This week, GourmetPro will be at SKS Japan, the country’s largest food-tech gathering. Before the conference whirlwind, I sat down with UnlocX co-founders Hirotaka Tanaka and Akiko Okada, the organizers of SKS Japan, to ask how Japan’s foodtech ecosystem is changing and also what to expect from this year’s event.
Watch the full conversation here:
Or listen to it here:
There’s a lot happening in Japan’s food tech space and Hiro did not hedge. He pointed to a new mix of players and public momentum, highlighting that Japan’s food innovation has stepped into the second stage and that the Tokyo Metropolitan Government has been supportive of increasing the number of startups, making the sector very dynamic.
There were 2 points in our conversation that really reeled me in.
First, strength isn’t speed. Japan’s food value chain delivers stable, tasty, healthy, cost-efficient food, but that very efficiency makes it rigid for newcomers. Opening lanes for startups and new business teams is the next test.

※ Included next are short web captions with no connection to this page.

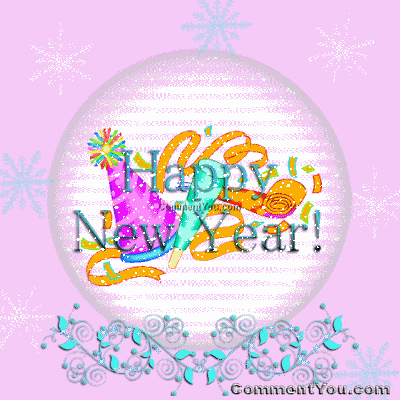 Free Christmas and NewYear Greetings Collection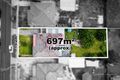 Property photo of 48 Station Avenue St Albans VIC 3021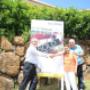 Ray White Tweeds Head - Real Estate Agents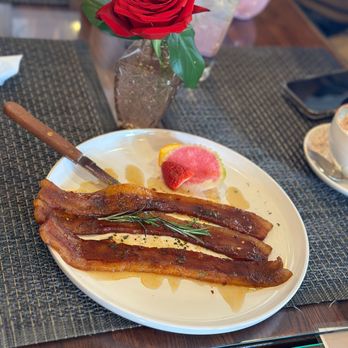 Bangkok Tokyo - Tycoon Bacon - Japanese Near Me - Lake Bluff, Illinois Bangkok Tokyo - Tycoon Bacon - Japanese Near Me - Lake Bluff, Illinois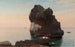 Capri - William Stanley Haseltine — visning af kunstværket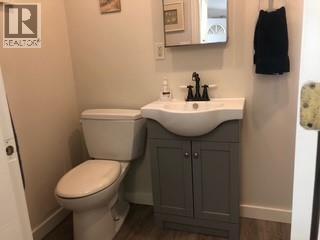 231 Finlayson Street, Sicamous, British Columbia  V0E 2V1 - Photo 75 - 10383153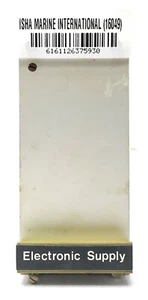 Merlin Gerin MG 686282 Electronic Supply 16049 - Picture 1 of 8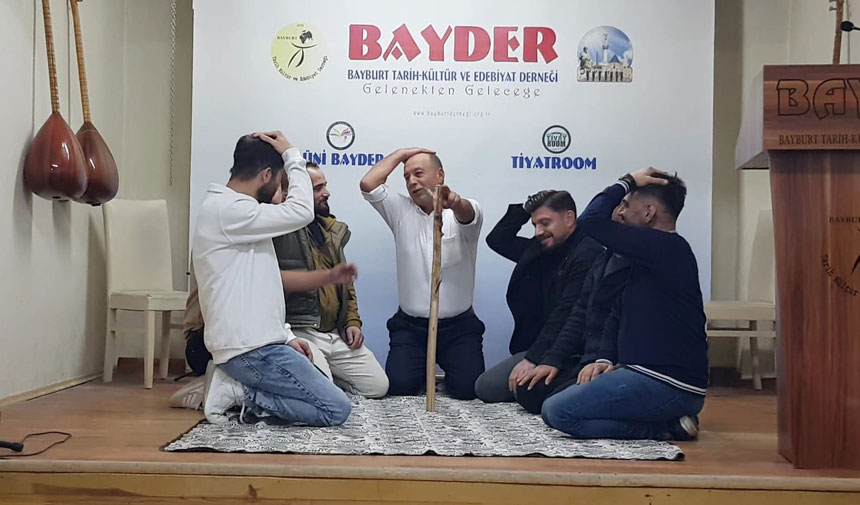 Bayderde Toplum Destekli Polis Uygulamalari Sunumu3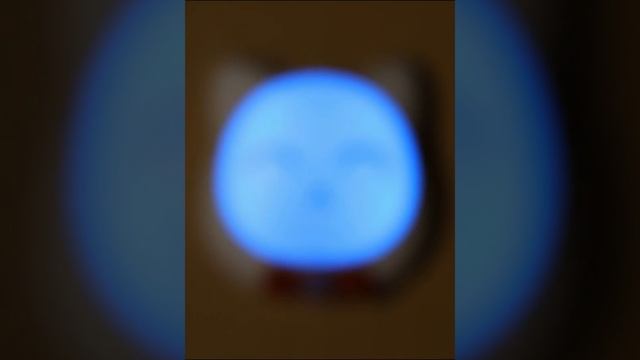 Светильник автономный Artstyle CL-W20W смотреть онлайн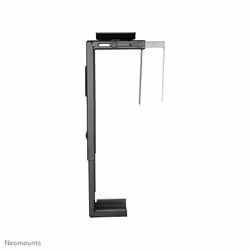 Neomounts Supporto da scrivania per PC - Vista aggiuntiva 4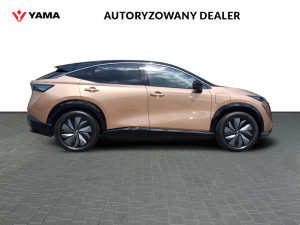 Miniaturka zdjęcia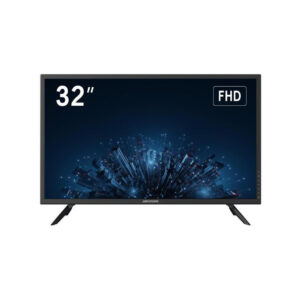 Monitor Hikvision DS-D5032F3-1V0S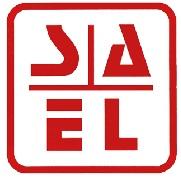 فروش محصولات SAEL  سائل ايتاليا (s.a.e.l srl  ايتاليا )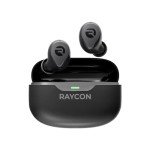 Raycon Everyday Wireless Earbuds with Noise Cancellation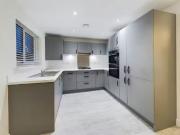 Charming 3 bedroom semi detached house for rent in...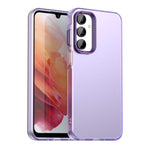 Custodia antiurto TPU per Samsung Galaxy A15 5G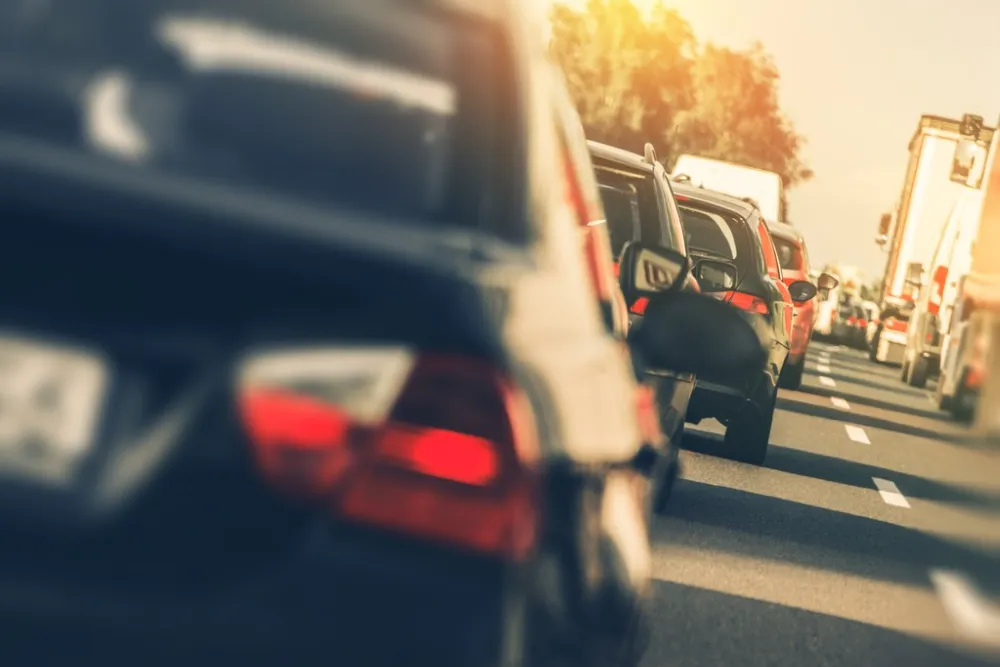 Trafik Sigortası Fiyatları Neye Göre Belirlenir?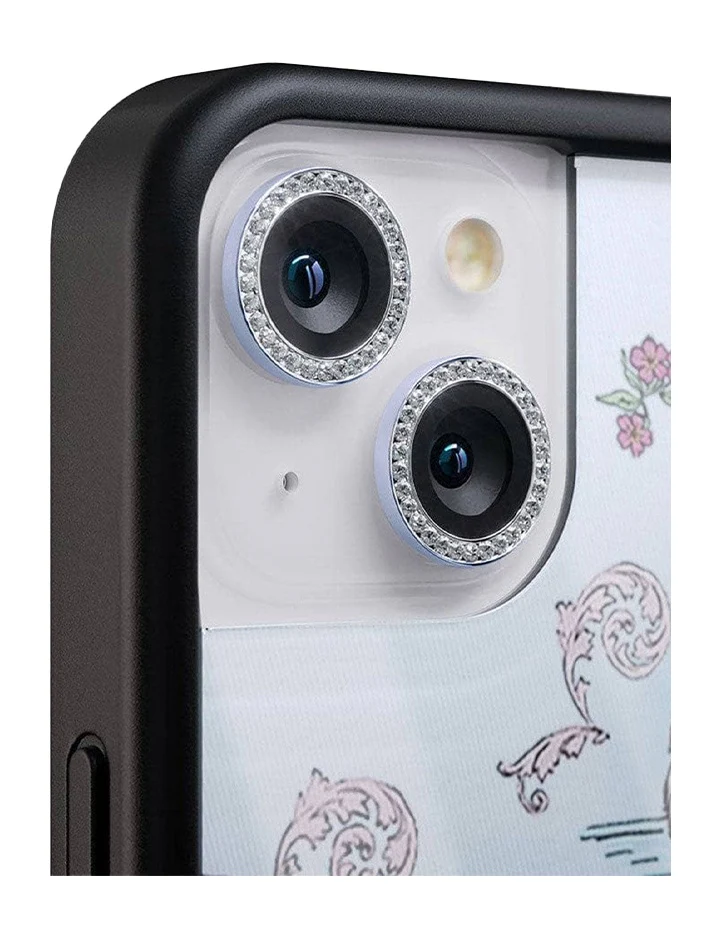 1560-camera-bling-blue-2.webp Camera Bling Blue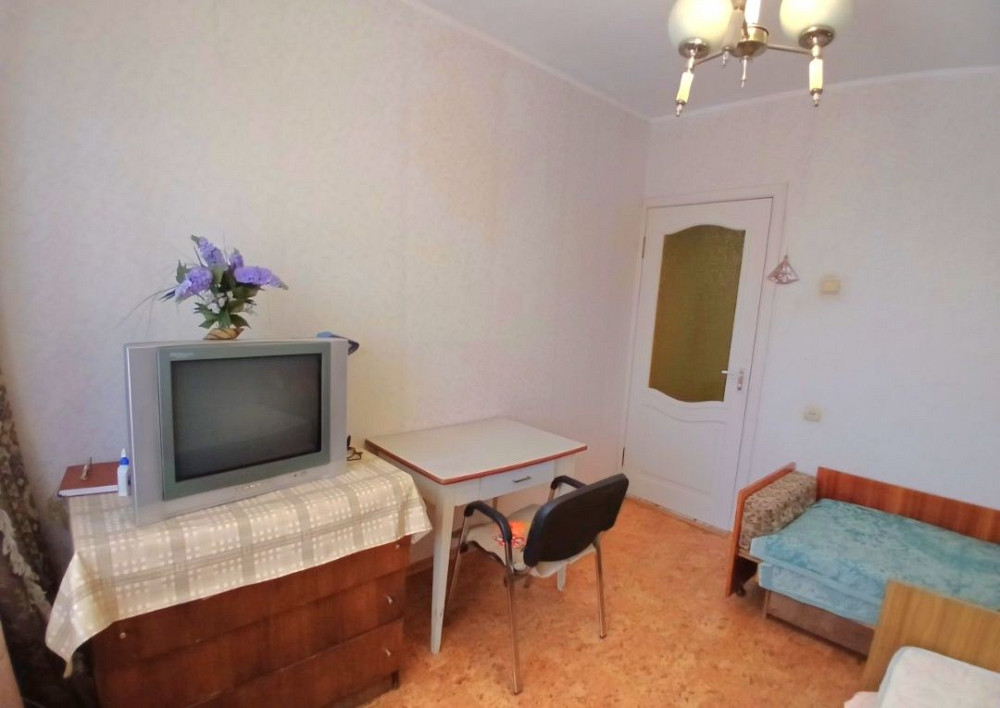 3 Кімнатна на Ковалівці.Біля 20 Школи. Кропивницький - зображення 8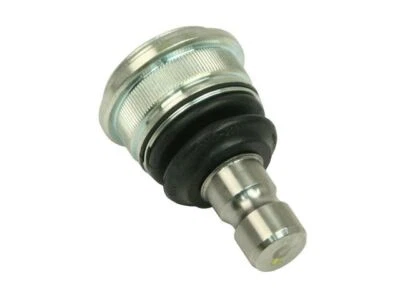 Rótula inferior delantera para Kia Soul 2010-2013 99112JXYX 2011 2012 Foto 1 de 2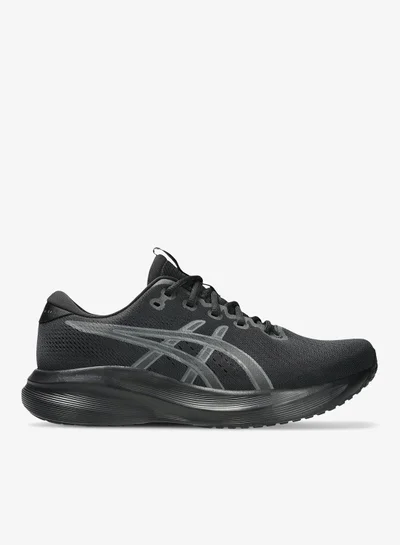 asics Men's GEL-EXCITE 11 Running Shoes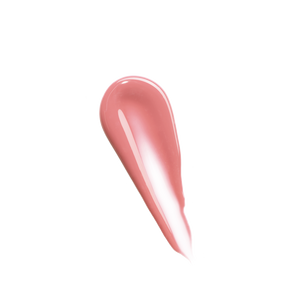 Lip Lusher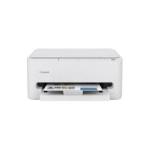 CANON TS4150I STAMPANTE MULTIFUNZIONE INKJET WIFI 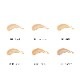 ���å��󥹡������󥰥������ե���ǡ�����󡡥�ե����SHISEIDO��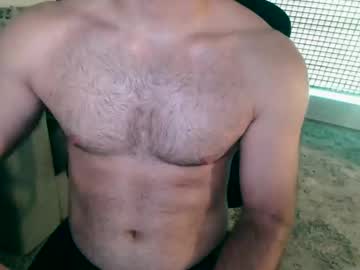 bradyjo — 2025-09-09 23:44 bradyjo — 2025-09-09 23:44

Second, people first, then tech. As Akiko put it, consumers are not always ready to change their eating behavior easily, so the wins come from behavior-friendly innovation. This includes things like wellness-forward foods, regenerative thinking, and smart upcycling that are familiar and taste great.
There are a number of other challenges that are going to make the direction of evolution of food tech very important in the country.
Japan is aging, so adoption curves are slower unless change is effortless and respectful of habit, while also being affordable.
The supply chain’s hyper-efficiency can stall pilots in procurement unless there are sandboxes, joint ventures, or flexible vendor paths.
Venture money is cautious, but public funding is up. This is brilliant for proof, but unit economics and routes to scale still need to be developed.
Food security is a strategic pressure point: Japan imports roughly 10X what it exports, with calorie self-sufficiency around 38%. These ratios need to be improve significantly, and tech has the power to support this.
Succession in craft and agriculture is fragile too. Miso and soy breweries are shrinking, so pairing chef networks with tech matters if the country wants modernization without losing cultural IP.
And there’s a storytelling gap: Japan has world-class fermentation, flavor design, and ingredient craftsmanship, but hasn’t always packaged that know-how into momentum-building narratives.
The Ministry of Agriculture, Forestry and Fisheries is investing around US$500 million into agri-food startups, while non-food giants – from megabanks to developers – are stepping into food with labs and talent. The translation: we’ll see more real products to touch, taste, and test, and more cross-industry deals designed to push through the “rigidity” barrier.